* WHAT THE TASK REQUIRES
Beginning with the line that has "Bubbles underwater in", write out each line down to the end of the records below exactly, and include no pictures.

Excerpts from a dataset
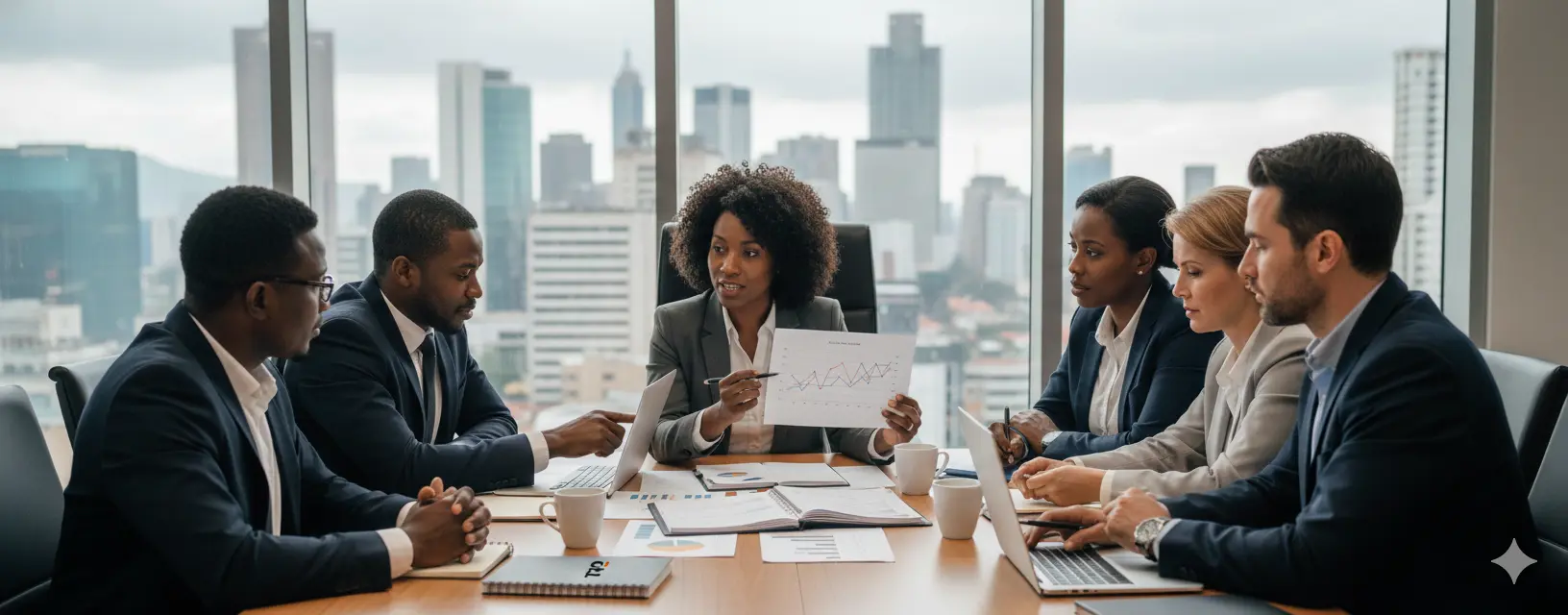 Diverse leadership team seated around a table, reviewing charts and discussing a business plan.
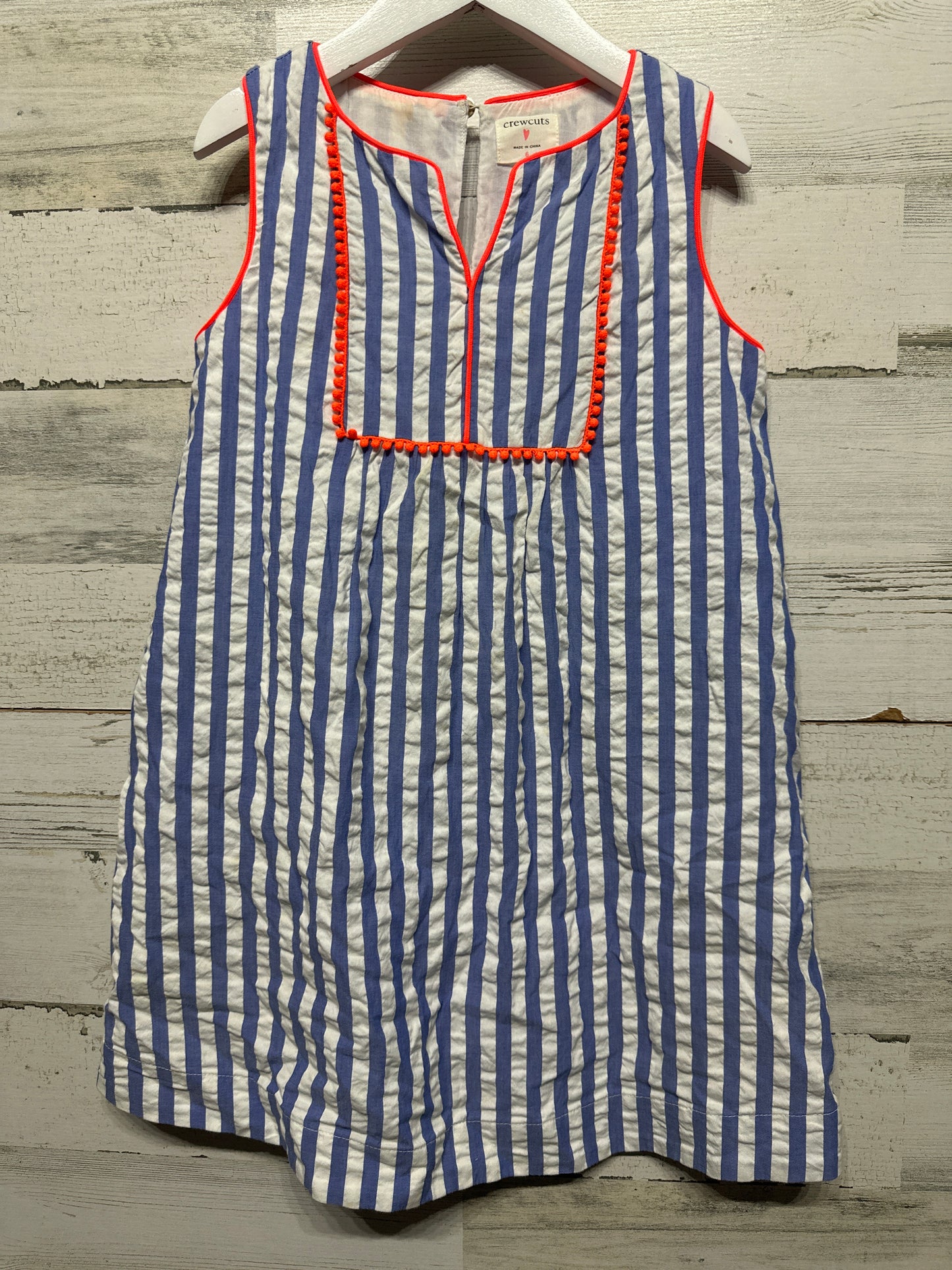 Girls Size 6 Crewcuts Striped Seersucker Dress - Play Condition*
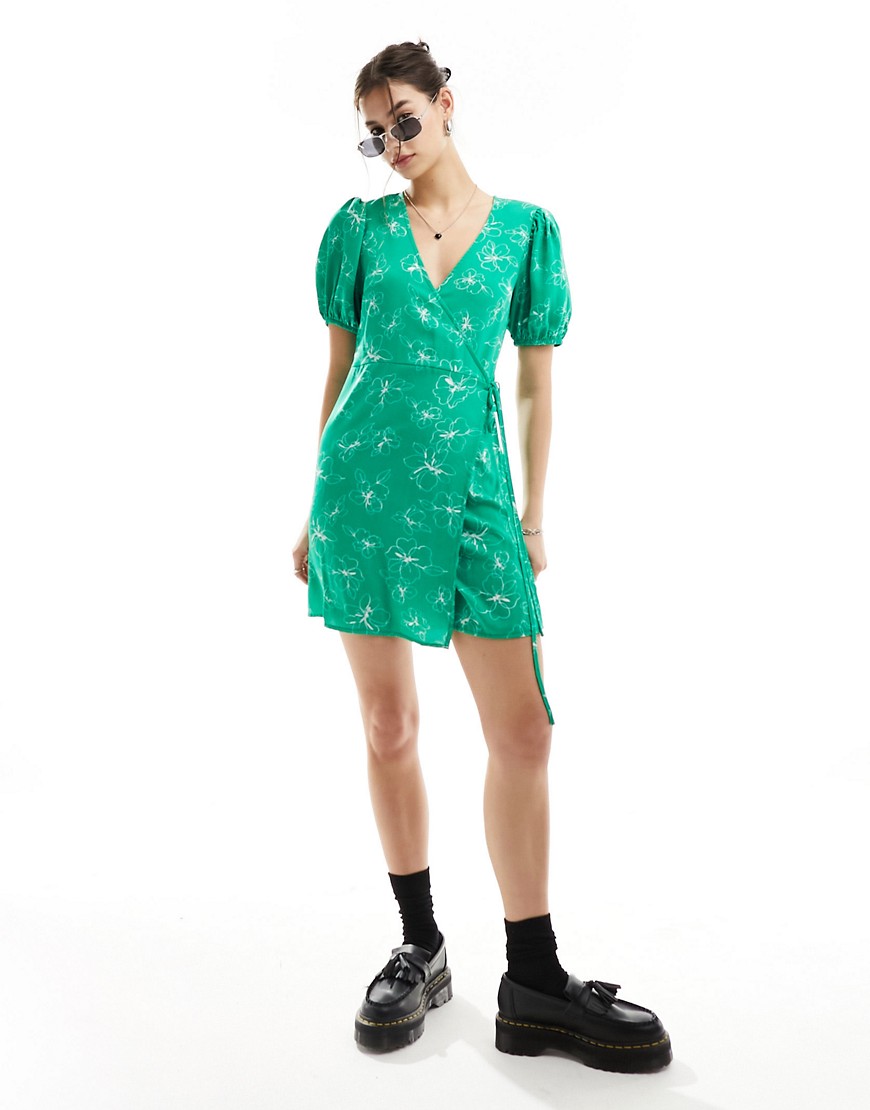 Glamorous wrap short sleeve tea dress in green scribble floral
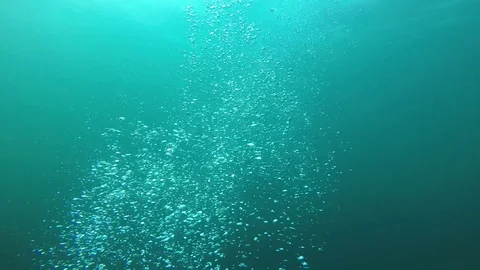 Bubbles underwater in slow motion Stock Footage 125615805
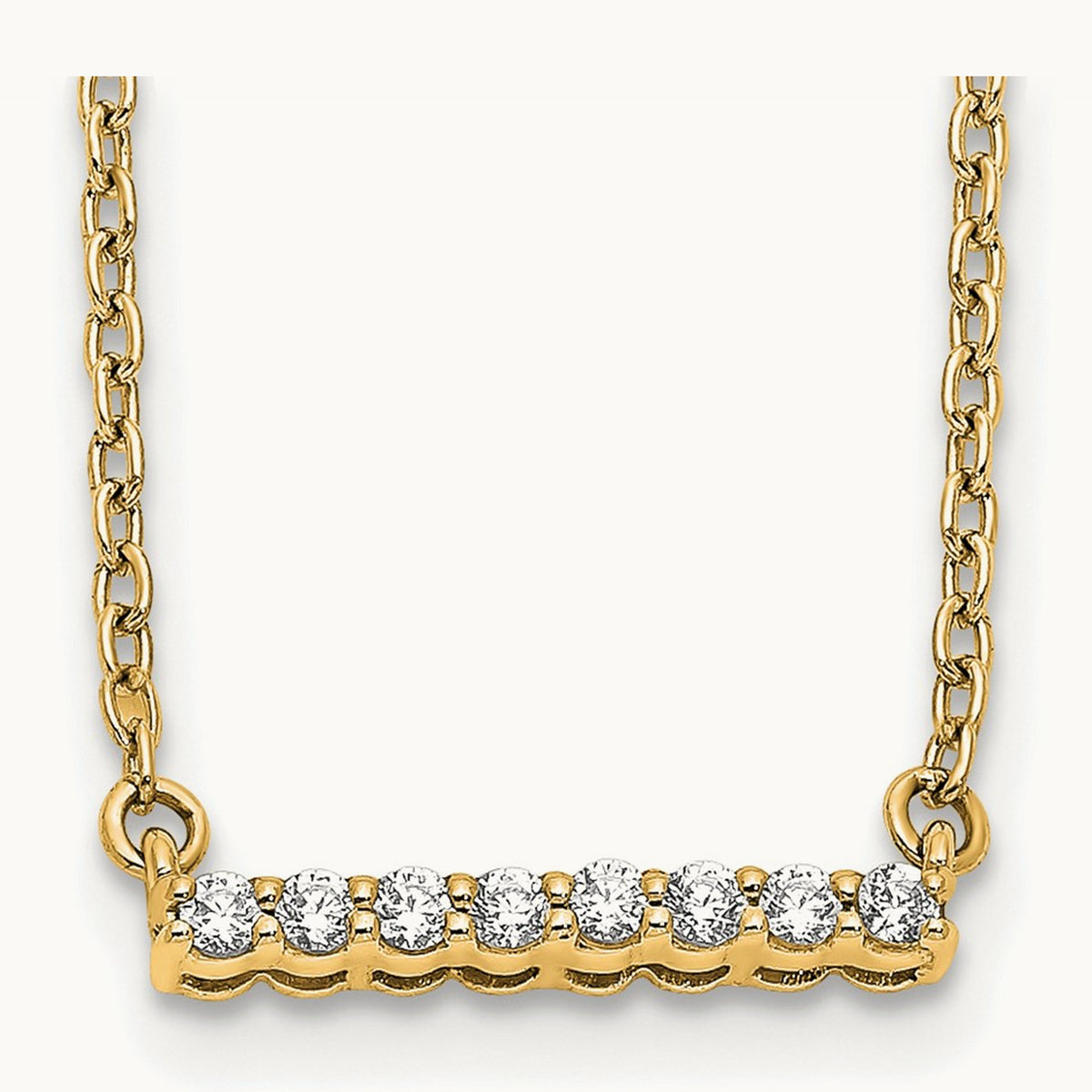 Diamond Bar 18 inch Necklace — 14K Yellow Gold, 0.096 ct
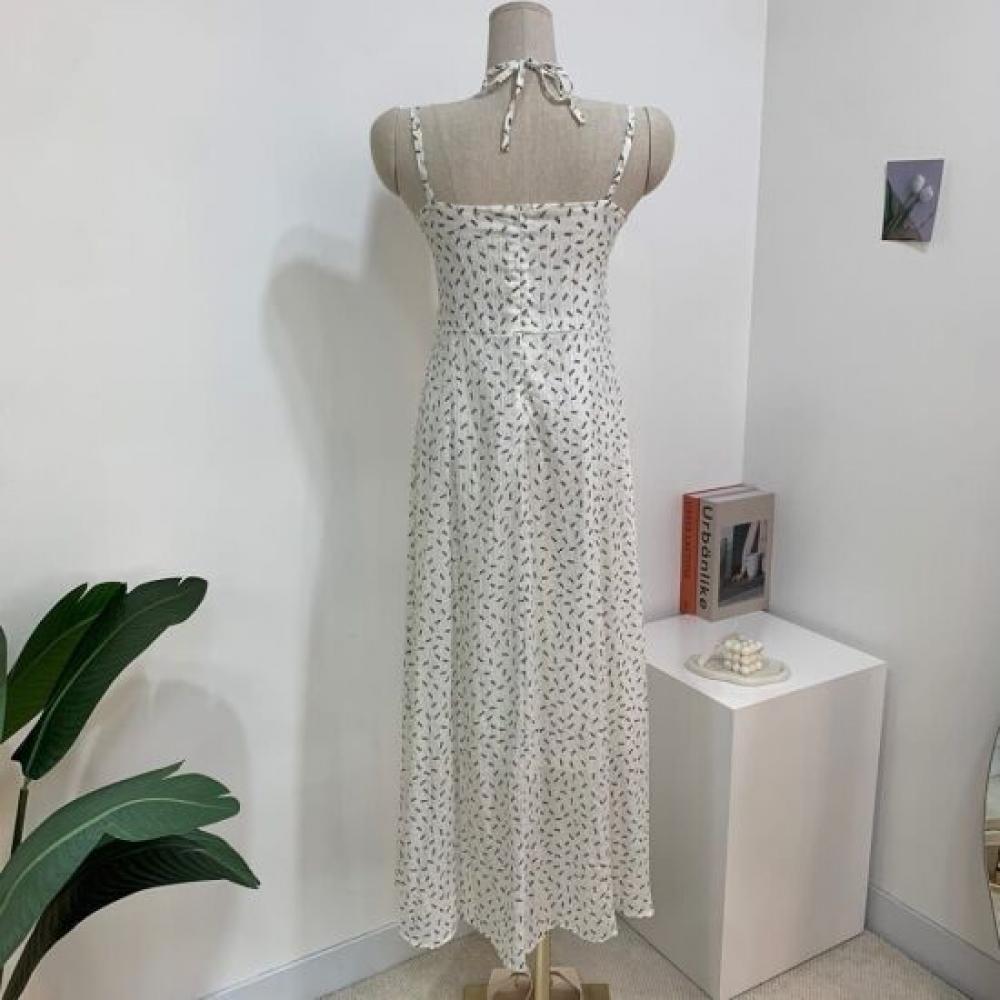 C S In The Room Flower ShirrIng Halter neCk Long dreSS 2Color C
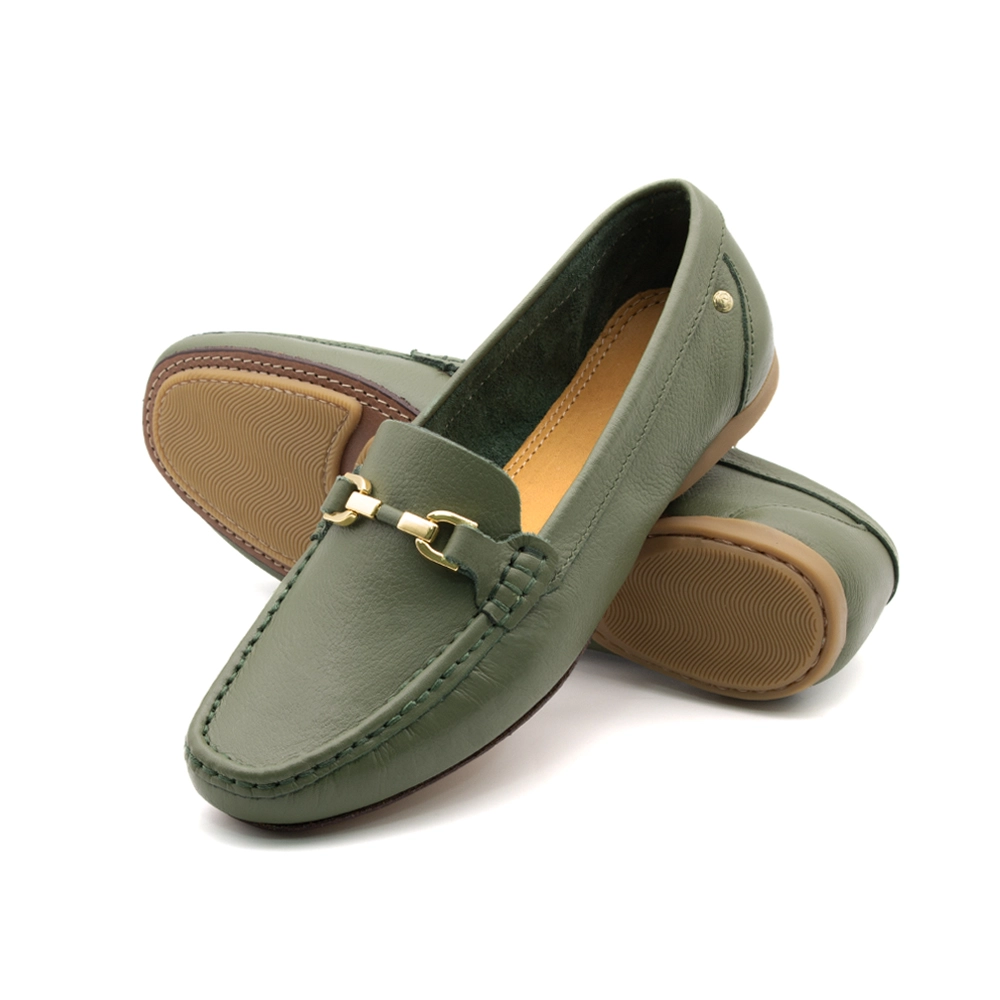 Mocassim Feminino Soleil em Couro Alfa Militar - 45029AM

* OUTPUT OF THE TASK
 Bubbles underwater in slow motion Stock Footage 125615805
 Diamond Bar 18 inch Necklace — 14K Yellow Gold, 0.096 ct
 C S In The Room Flower ShirrIng Halter neCk Long dreSS 2Color C
 Mocassim Feminino Soleil em Couro Alfa Militar - 45029AM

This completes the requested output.